A company's dress code is one of the many aspects individuals have to determine as they are preparing for their interviews. As startup culture continues to grow, an increasing number of businesses are relaxing their dress codes, Matthew Kosinski of Recruiter.com explains. Reflecting on his interview with Recruiter.com, Kosinski offers the following advice regarding dress codes to candidates.
Kosinski emphasizes that dress code definitions vary a lot between companies. While a company may instruct its employees to dress "business casual," it is still up to the interviewee to assess how he should dress for the meeting. Moreover, whereas for some companies, "business casual" means opening up your top button, in other companies, it refers to slacks and a collared shirt.
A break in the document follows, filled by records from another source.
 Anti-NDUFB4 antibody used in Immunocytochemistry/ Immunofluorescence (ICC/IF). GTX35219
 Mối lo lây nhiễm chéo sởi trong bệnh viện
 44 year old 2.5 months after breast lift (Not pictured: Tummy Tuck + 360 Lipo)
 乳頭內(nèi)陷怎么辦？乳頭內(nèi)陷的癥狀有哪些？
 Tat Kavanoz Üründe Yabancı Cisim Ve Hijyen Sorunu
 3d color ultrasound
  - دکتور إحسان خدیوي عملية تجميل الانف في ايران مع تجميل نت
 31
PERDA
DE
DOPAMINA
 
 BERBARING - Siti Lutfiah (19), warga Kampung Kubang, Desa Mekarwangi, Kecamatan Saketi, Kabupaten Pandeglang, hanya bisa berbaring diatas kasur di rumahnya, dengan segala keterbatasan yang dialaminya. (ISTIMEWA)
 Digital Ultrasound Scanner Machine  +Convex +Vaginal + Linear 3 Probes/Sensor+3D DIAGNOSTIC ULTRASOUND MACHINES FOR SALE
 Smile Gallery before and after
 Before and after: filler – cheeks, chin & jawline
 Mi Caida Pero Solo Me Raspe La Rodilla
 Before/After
If interviewees ask the company for instructions regarding dress, employers should be as specific as possible. For instance, describe what your employees typically wear to the office, and if you want the interviewee to dress more formally, offer advice for that as well.
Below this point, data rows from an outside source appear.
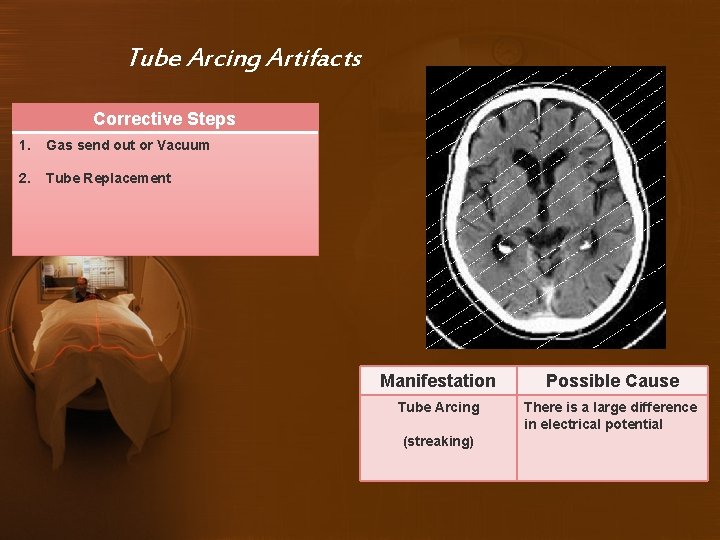 Tube Arcing Artifacts Corrective Steps 1. Gas send out or Vacuum 2. Tube Replacement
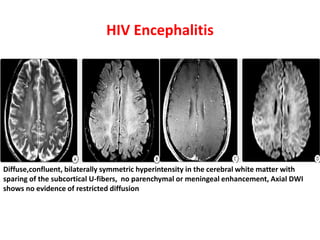 HIV Encephalitis
Diffuse,confluent, bilaterally symmetric hyperintensity in the cerebral white matter with
sparing of the subcortical U-fibers, no parenchymal or meningeal enhancement, Axial DWI
shows no evidence of restricted diffusion
 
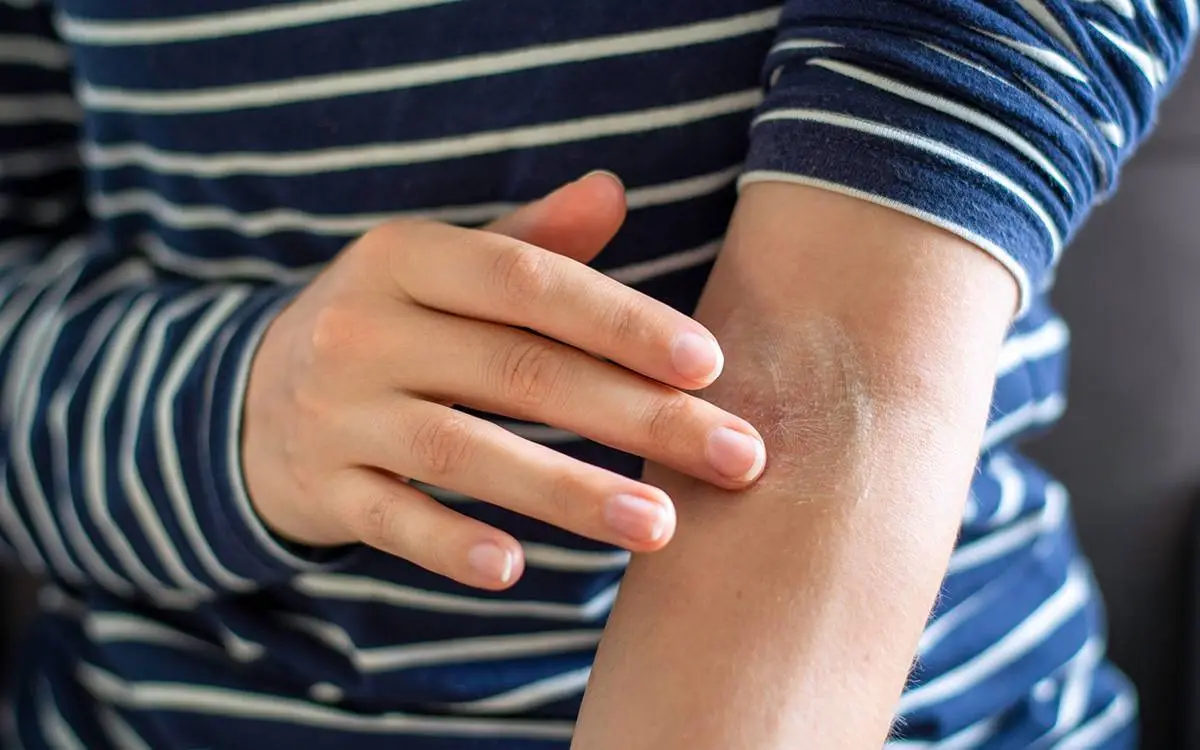 راهکارهای طلایی برای مقابله با خشکی پوست و حفظ طراوت طبیعی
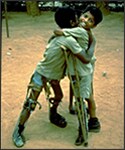 Boys with leg deformities following polio.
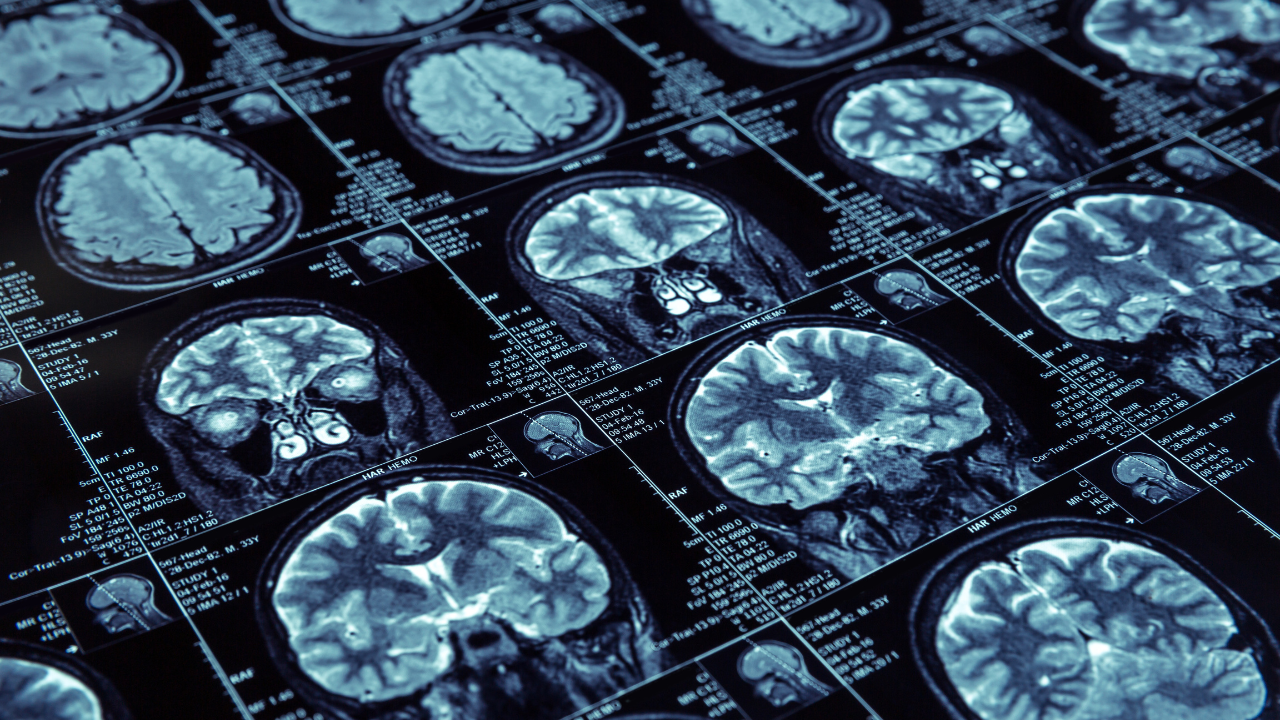 header image featuring a collection of brain scans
However, given that instructions are often vague or not given, it is up to the interviewee ultimately to determine appropriate attire.
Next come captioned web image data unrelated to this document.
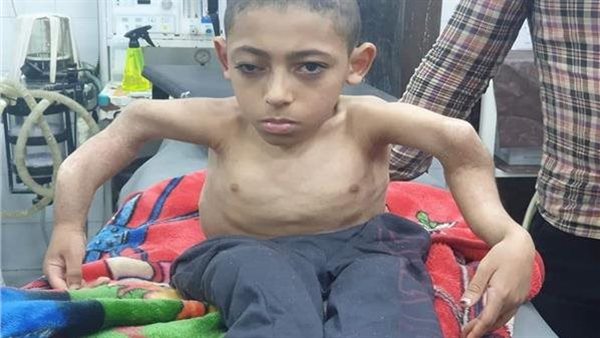 أعراض مرض العظم الزجاجي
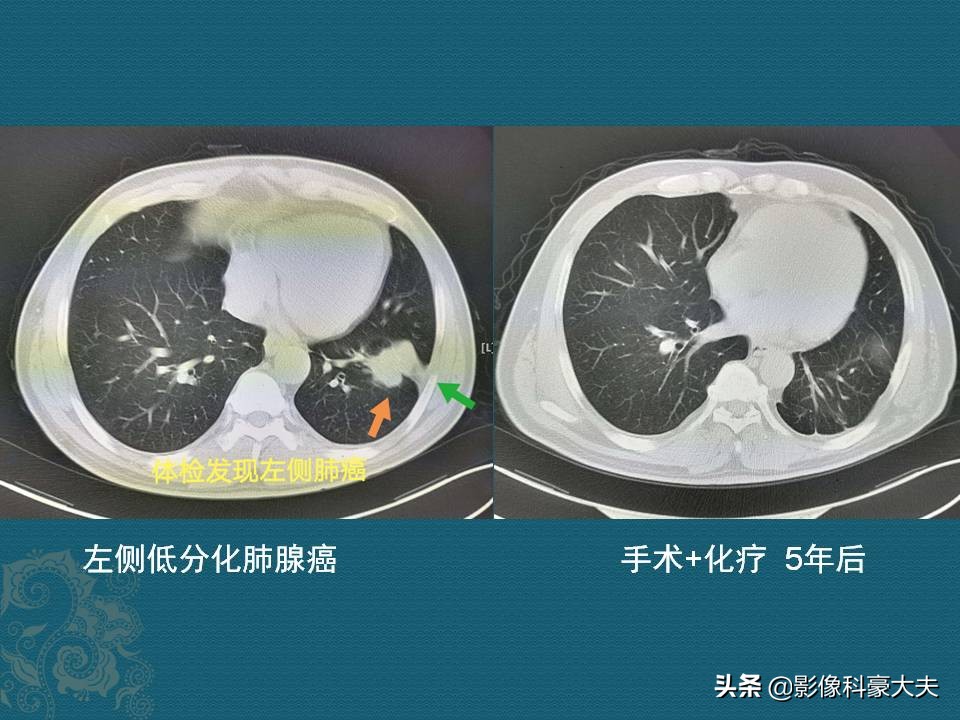 肺癌怎样才算局部晚期症状,肺癌分几种类型怎么吃药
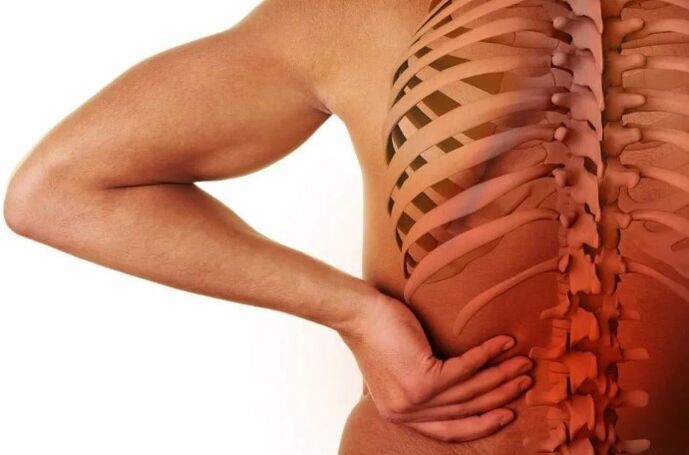 Bedrová osteochondróza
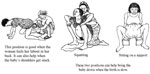 Three different positions the mother may like to be in during the second stage of labour. Position one is on all fours with face down, position 2 is squatting and position three is sitting on a support.
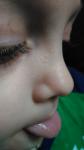 Сгруппированная мелкая сыпь на носу у ребенка фото 2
It is always better to err on the side of caution. For interviewees, this means choosing to dress formally rather than informally. For men, this entails slacks, a collared shirt, jacket and dress shoes. For women, formal dress includes these clothes or a knee-length skirt, if they prefer.
While interviewees may find themselves overdressed compared to the company's employees or even their interviewers, this is to be expected. As a general rule, interviewees dress more formally than employees at the company.